The free fishing zone will span 630,000 square kilometres (240,000 square miles) - an area the size of France - and has been described as “unprecedented”.
The reason behind the no-fishing zone, according to the President of Palau Tommy Remengesau, was to allow the ocean to heal and replenish its populations of fish after decades of overfishing by commerical enterprises from around the world.
“Remengesau said Pacific island nations, which are also struggling to deal with climate change, were effectively “the conscience of the world" on environmental matters and had to lead by example because of their special connection with the ocean,” says Neil Sands for AFP.

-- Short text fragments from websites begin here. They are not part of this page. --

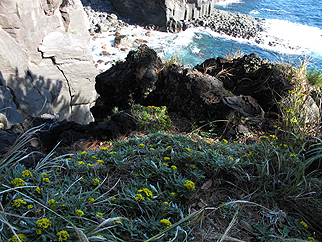 イソギクが咲く海岸の岩場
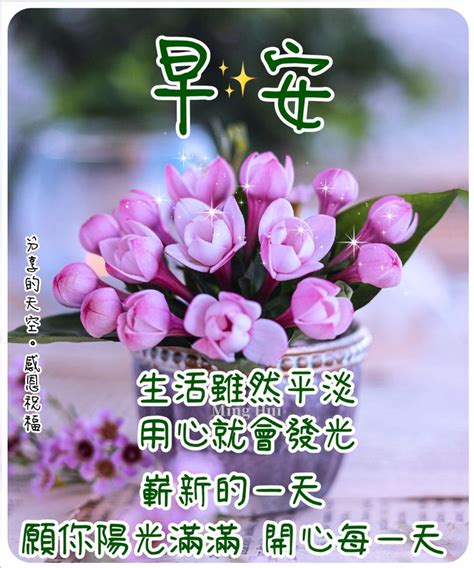 Pin by Ming Hui on 早安 in 2023 Good morning flowers Morning flowers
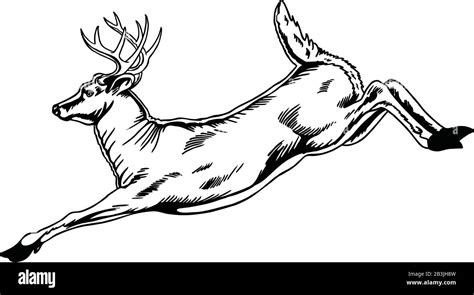 Deer Jumping Drawing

“The ocean is our way of life,” Remengesau told journalists. “It sustains and nurtures us, provides us with the basics of our Pacific island cultures, our very identities.”
Remengesau added that sharks offered more value to Palau as eco-tourism assets, saying that a 2011 study conducted by the Australian Institute of Marine Science concluded that a single reef shark could raise almost US$2 million for the local economy over 10 years thanks to the tourists that visit it. Figures put the tourism industry as being almost 30 times more lucrative to Palau than the commercial tuna industry. No attacks have ever occurred as the operators are careful to make sure everyone keeps a safe distance from the sharks.
“We feel that a live shark is worth a thousand times more than a dead one," Remengesau said.